Its a funny one Hufty, the snow foam did foam more than the prewash product, it might have just been my pictures.

And no the prewash product was designed for a pump sprayer, i just wanted to standardise the application method right or wrong :thumb:


----------



## DLGWRX02 (Apr 6, 2010)

Excellent write up. 
Just wanted to ask what protection was on the car before hand?.


----------



## Pittsy (Jun 14, 2014)

DLGWRX02 said:


> Excellent write up.
> Just wanted to ask what protection was on the car before hand?.
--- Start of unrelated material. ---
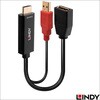 38289 LINDY HDMI 2.0 to DispalyPort 1.2 4K@60Hz変換アダプタ、USBバスパワー LINDY 03366199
Of course mate, the car is wearing Ed Turners Funky Munky on most of the panels but the roof is wearing something else :thumb:


----------



## k3v_F (May 7, 2008)

Fantastic write up of something I've always wondered about. The downside is i can't pretend its ok to just jet wash when it's cold now!!


----------



## TonyH38 (Apr 7, 2013)

Thank you for an informative write up.


----------



## Pittsy (Jun 14, 2014)

k3v_F said:


> Fantastic write up of something I've always wondered about. The downside is i can't pretend its ok to just jet wash when it's cold now!!


Indeed you can't....

I really didn't know how it would turn out i just wanted to be a bit more scientific review wise:thumb:


----------



## WaxIsForWinners (Feb 2, 2014)

Interesting test and results all proving how worthwhile pre wash is. The key is all in the preparation!


----------



## bazz (May 15, 2007)

great test fella and thank you for sharing the results and write up


----------



## OvEr_KiLL (Mar 2, 2015)

thanx for the write up mr p! i can guess what the pre wash is, no comment! but yes its very popular on here.
this might sound strange but i never wash my car with my hand or buckets  i just use 1inch of a pre wash in a lance bottle topped up with warm water and spray away. then i use a qd as i dry it, simples!


----------



## KarateKid (Oct 13, 2014)

Nice write up OP! I wish I had similar results though when I PW/SF or both... I tend to have a layer of film still on the car after and I know if I did a swipe/make-up pad test after PW/SF, they'd be no where near as 'clean' as your results...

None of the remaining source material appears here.